## What is required:
With both ends included, repeat exactly the lines of the entries below from the one containing "Mobile bucket toilet - with lid" down to the one containing "Resep Sandwich Salad", and no others.

## Data records:
----

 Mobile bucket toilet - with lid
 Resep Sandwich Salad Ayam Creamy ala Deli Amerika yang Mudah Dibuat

----

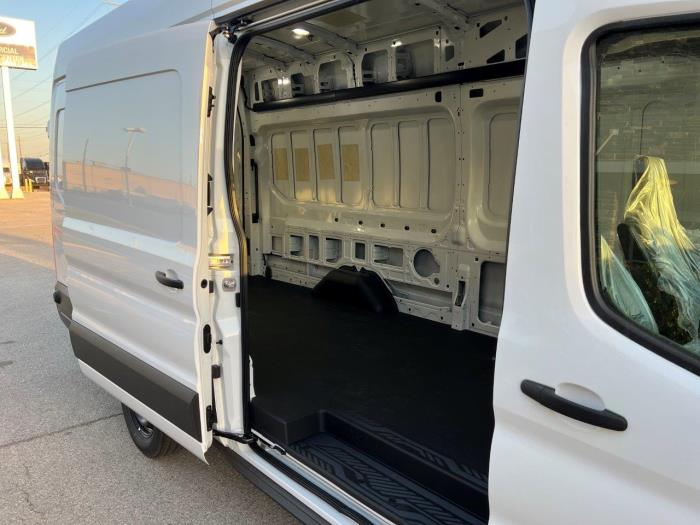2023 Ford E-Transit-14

----

## Reply:
 Mobile bucket toilet - with lid
 Resep Sandwich Salad Ayam Creamy ala Deli Amerika yang Mudah Dibuat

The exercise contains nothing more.